Exercise objective ▸ Your answer must be an exact copy of the data, without any pictures.

Captioned web image data
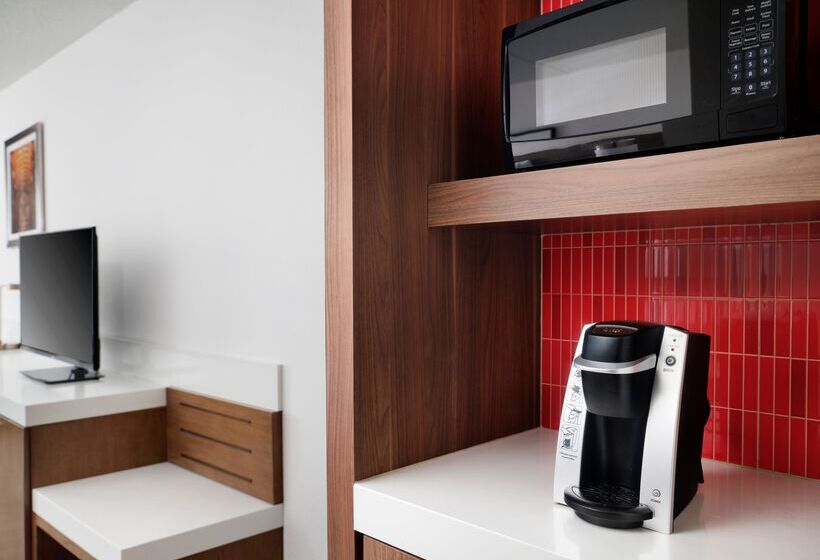 غرفة قياسية سرير كينج, Hilton Garden Inn Detroit Downtown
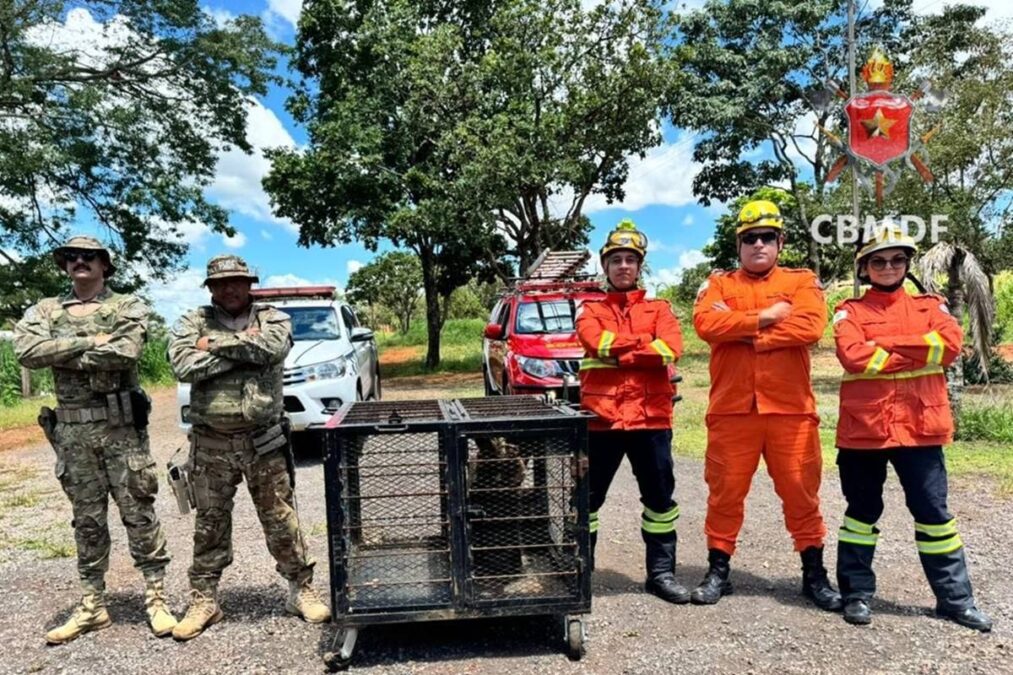 Tamanduá é resgatado em banheiro de igreja no Distrito Federal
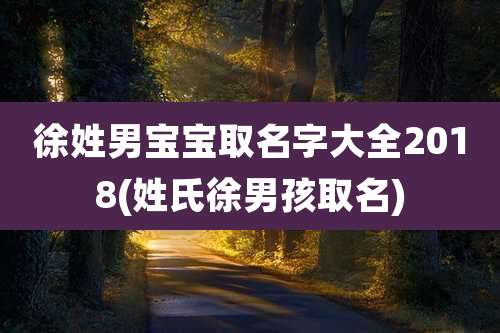 徐姓男宝宝取名字大全2018(姓氏徐男孩取名)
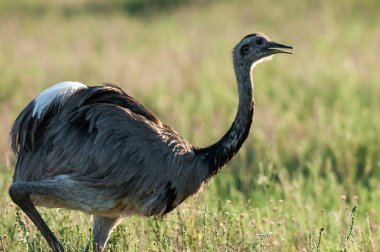 Greater Rhea, Rhea americana, La Pampa , Patagonia, Argentina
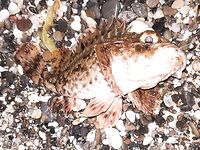 Купальный азарт и ветер: ставрида слабая, барабулька мимо — учусь на дроп-шот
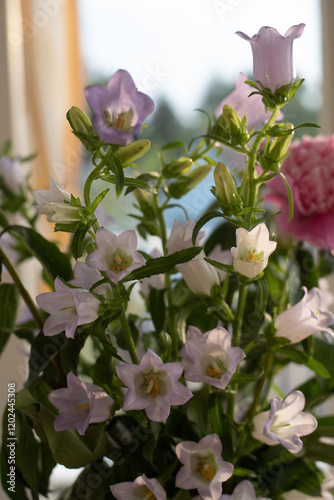 bouquet of flowers, bellflowers and peonies, happiness calm joy 
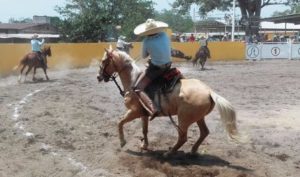 Mang a caballo cortesia Carmen Joss Gonzalez Gomez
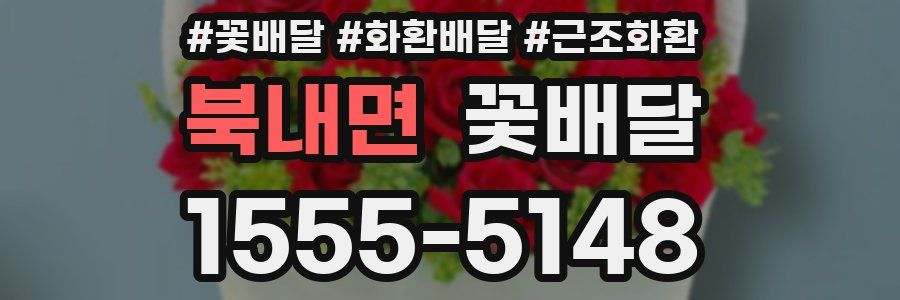 북내면 꽃배달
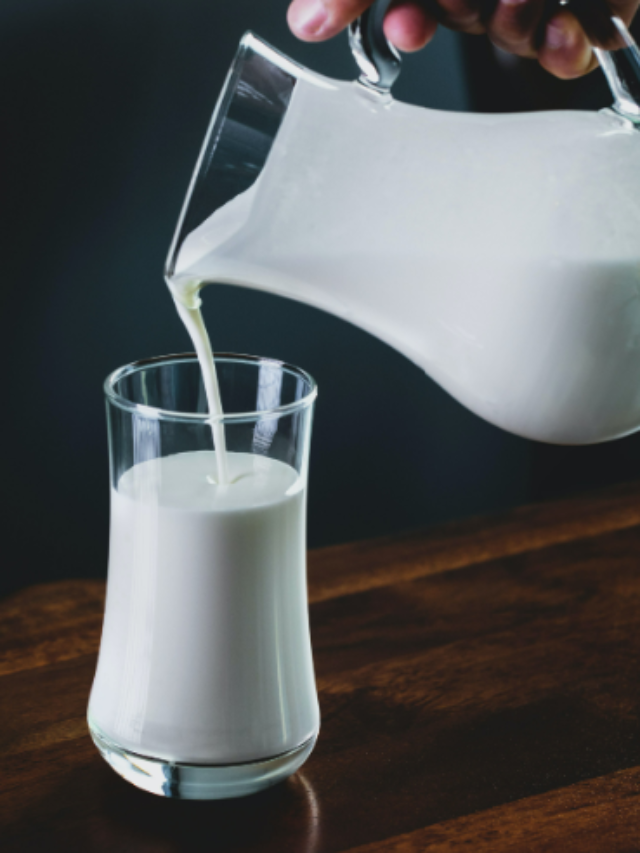 This is Why Milk is Bad for Cats for Dogs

Exercise response ▸
 غرفة قياسية سرير كينج, Hilton Garden Inn Detroit Downtown
 Tamanduá é resgatado em banheiro de igreja no Distrito Federal
 徐姓男宝宝取名字大全2018(姓氏徐男孩取名)
 Greater Rhea, Rhea americana, La Pampa , Patagonia, Argentina
 Купальный азарт и ветер: ставрида слабая, барабулька мимо — учусь на дроп-шот
 bouquet of flowers, bellflowers and peonies, happiness calm joy 
 Mang a caballo cortesia Carmen Joss Gonzalez Gomez
 북내면 꽃배달
 This is Why Milk is Bad for Cats for Dogs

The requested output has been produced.